One of them is Bobby, a lanky, charismatic figure who’s heating up the parquet. By the second chorus of the song, a circle has formed around him. His long limbs are flailing in every direction, sometimes just missing other dancers. At one point, he starts juggling objects while cutting a rug. This is entertainment.
Besides being an outrageous dancer, Bobby is the brains behind the Dream Factory, the Bay Area’s most popular Prince fan party. According to Hurbert, the Dream Factory parties are the best in the country. And he may be right. Hundreds of people turn up dressed in their best Princely clothes. A handful of partiers, in fact, look like Prince at various stages of his incarnation. There’s Purple Rain Prince. There’s late-’70s Prince. There’s Graffiti Bridge Prince (long hair and a goatee).
One recent Dream Factory party was held on a boat trip around the bay. Marred by rain (and therefore, lack of attendance), it was still, according to Extra Classic’s Hurbert, “da bomb.”
Willie Adams is another Dream Factory regular, though like Hurbert he runs a Prince fan party. The Willie Adams Experience has been on the circuit since 1992, first in Los Angeles and now in the Bay Area. He held a party at Berkeley’s Shattuck Down Low two nights before Hurbert’s Extra Classic.
“We have the largest fan base in the world here,” said Adams, working the turntable. “The Bay Area just has a great music history that goes back to Sly Stone. We really embrace artists—especially when it comes to funk.”
If the people we spoke to are any indication, Adams is right.
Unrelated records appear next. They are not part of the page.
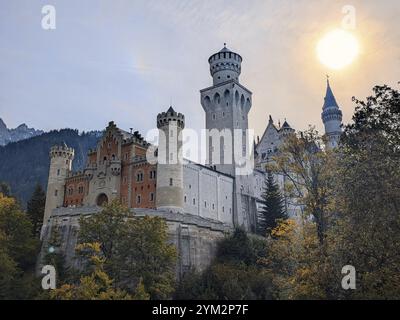 Eine majestätische mittelalterliche Burg mit hohen Türmen, umgeben von einem Wald im Herbst mit der Sonne am Himmel, Schloss Neuschwanstein beleuchtet vom Krieg Stockfoto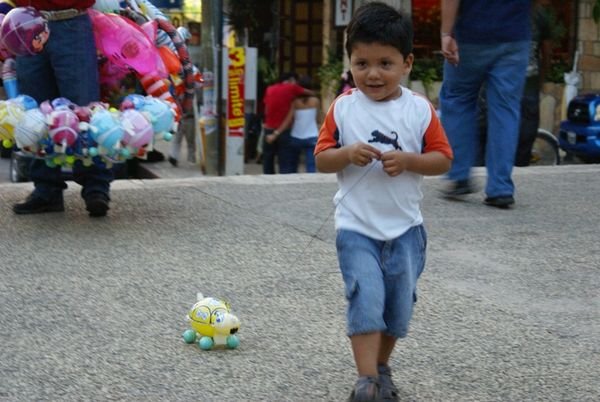 the boy with a turtle balloon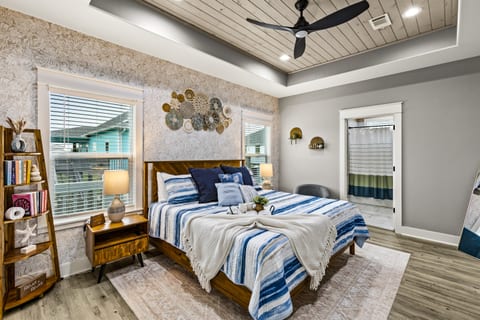 The Primary bedroom is calling! Sink into this King sized bed and enjoy a good book, or watch a show on the 65" Smart TV. Our Primary offers nightstands, lamps, alarm clock, ceiling fan, ensuite bathroom and walk-in closet.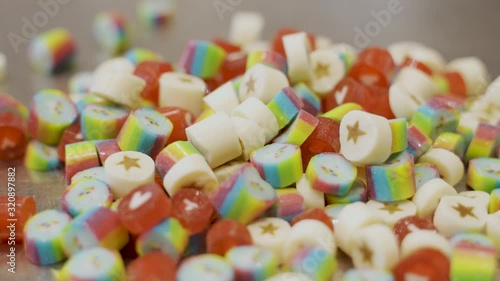 Colorful caramel candies bouncing and falling all over photo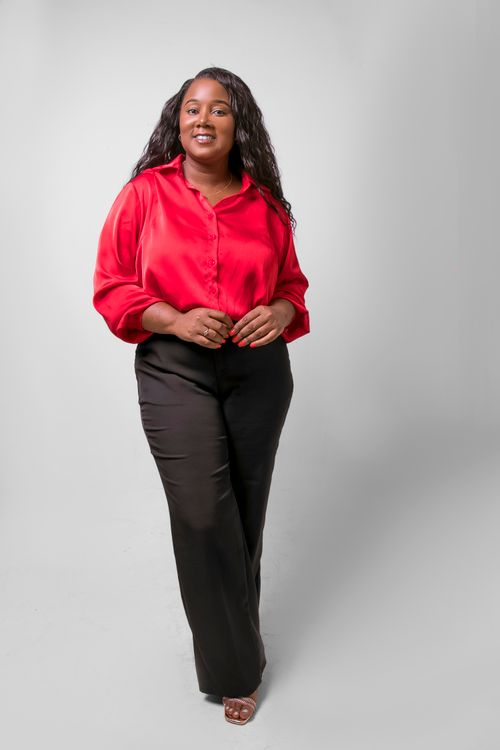 Free Portrait of a young African woman in a red shirt, smiling confidently against a white background. Stock Photo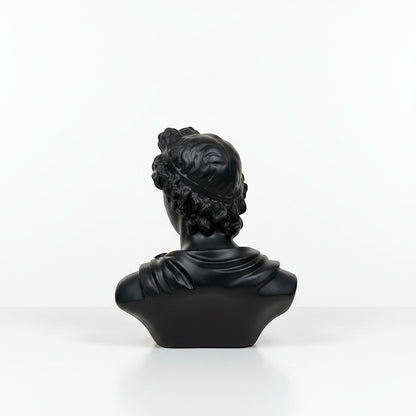 High Objects black matte bust of a classical figure with curly hair and draped clothing, a decorative showpiece.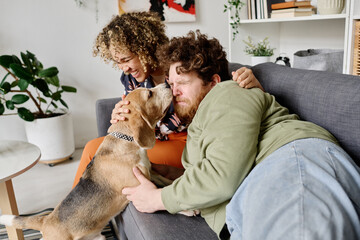 Cute dog licking face of owner while he lying on sofa with girl laughing in background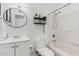 Bright bathroom features a white vanity, toilet, and shower-tub combo, providing a clean and functional space at 4032 W Reade Ave, Phoenix, AZ 85019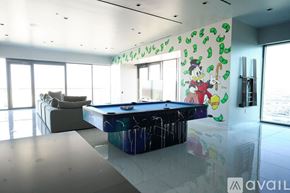 Las Vegas apartment for rent - A room with a pool table and a wall with cartoon characters on it.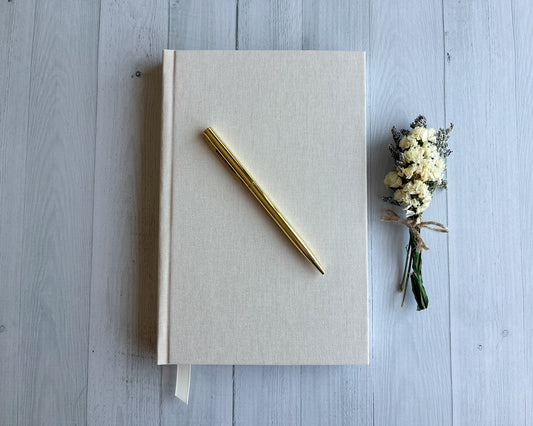 Signature Classic handbound journal in Moonlight ivory linen bookcloth with grosgrain ribbon bookmark and pearl cream endpapers.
“We’re not here for a booty call or a quick fuck fix,” proclaims Teal from Oakland who is flanked by two friends. “We’re here for Prince. When we come to these parties, we’re not looking for Mr. Right or Mr. Right Now. We’re here strictly to enjoy the music.” The women debate Prince’s new album. Everyone seems to agree that the music is his best in years. They just don’t like the religious stuff.
Meanwhile, while prompting a woman who goes by the name “Apollonia” to explain the appeal of Prince, she screamed, “Prince makes my body rock!”
Others have less enlightening answers. “I think the music is very infectious,” said Hurbert. “Whatever music or genre you’re into, you can identify with some aspect of his music. It’s always crossed boundaries. The rap people, the rock people, the dance people, they all get down to Prince.”
Adams added, “Because his music is a combination of spiritual and sexual, a lot of people are turned on by it.”
Taking a breather from the dance floor, Shannon Smith—a Prince party regular—put it simply, “I’ve always loved Prince because he has consistently told me to be myself. It doesn’t matter if you’re white, black, straight or gay. Just be yourself.”
Whatever the reason, Prince parties certainly have an important function for fans of the diminutive Minneapolis native. “The one thing we all have in common,” said Teal, “is that we love Prince.”
Her friend Christina added, “When I found the Willie Adams Experience and the Dream Factory, I found a whole group of people just like me.”
Back at Curve, Willie Adams shows up around 11 p.m. to spin for an hour. Charles Hurbert takes a breather from the turntables and finds his way to the dance floor. Adams is trying to unite the three different organizations that put on these parties. “I want to take this party on the road,” he says, rattling off cities like Los Angeles and Sacramento. “My mission as a DJ is to bring this music to the people. Then they can decide if they like it.” Just then he puts on a song from Prince’s new album and the dance floor fills.